There are a lot of people who need our love and care at the moment, such as most of the Republican party, Syrian refugees, Planned Parenthood doctors and clients, the police and both the black and white people they shoot, whether accidentally or not, to name but a few. They need our love because ever more people are maligning them.
We can do this because we are bigger than the world situation makes us believe we are: our hate, anger and fear belong to times of struggling for survival, not to 2016 (almost). We are capable of loving far more than we realize. So, how do we grow into the caring and compassionate being we know we can be?
We know how easy it sounds to be kind and loving, how great, what a cool idea. But in practice it’s rarely so simple, like when someone says or does something that is personally dismissive, derogatory or hurtful. Can kindness still flow when the ego-mind is upset?
We were talking with our friend Ram Dass at the time of the Clinton/Dole election. He told us how he had a picture of Bob Dole on his meditation altar, as: “Dole needs the most love and compassion as he is the one being so vilified.” Ram Dass was practicing true loving kindness, aka metta in Sanskrit.
Focusing on metta and growing in compassion highlights those places that are bound in ego and selfishness; it brings us up against our limitations and boundaries. Where do we meet our edge? Where is our capacity to step over the edge into greater kindness? How genuine is our ability to be altruistic in a difficult situation?
For instance, if we feel affected by someone being negative then metta shows us where such negativity triggers hidden feelings within us of unworthiness, insecurity and self-doubt, and therefore how it’s actually the very time to extend even greater compassion, to both ourselves and others.
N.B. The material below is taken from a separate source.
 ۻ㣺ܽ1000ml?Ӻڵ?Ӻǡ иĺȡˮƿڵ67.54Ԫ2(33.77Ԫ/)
On our radio show last week (Going Out Of Your Mind) we talked with Chuck Lief, the President of Naropa University in Boulder, Colorado, about the dichotomy of wanting to open our arms with compassion to the Syrian refugees while also acknowledging the fear that we may be opening to terrorists. Compassion and fear: can we hold both in equal measure?
Chuck spoke about the “seduction of ignorance,” which explains how easily we can get drawn into the fear of the unknown and how that immediately hampers our ability to give or to love.
Metta asks that we stay caring, that we keep our heart open to the situation we are struggling with and all the accompanying fear and anger, and hold ourselves with gentle tenderness. Loving kindness is the missing link between us all. We can come together and realize we are not so different to one another, that we can meet within those differences. Let us nurture ourselves and love others, whether we agree or not.
Then change is truly possible.
5 minute Loving Kindness Meditation
Begin by breathing into the area of your heart, softening and relaxing with the in-breath, letting go of tension on the out-breath. Repeat your name or imagine an image of yourself in your heart and say silently: May I be well, may I be happy, may I be filled with loving kindness.
Then wish the beings around you be well, wish that they be happy. If you are at work you can repeat the names of co-workers and wish them joy. At night, think of your family and friends and wish them wellness and happiness: May they be well, may they be happy, may they be filled with loving kindness.
Now hold all beings in your heart, whoever they are and wherever they may be, while you silently repeat: May all beings be well, may all beings be happy, may all beings be filled with loving kindness.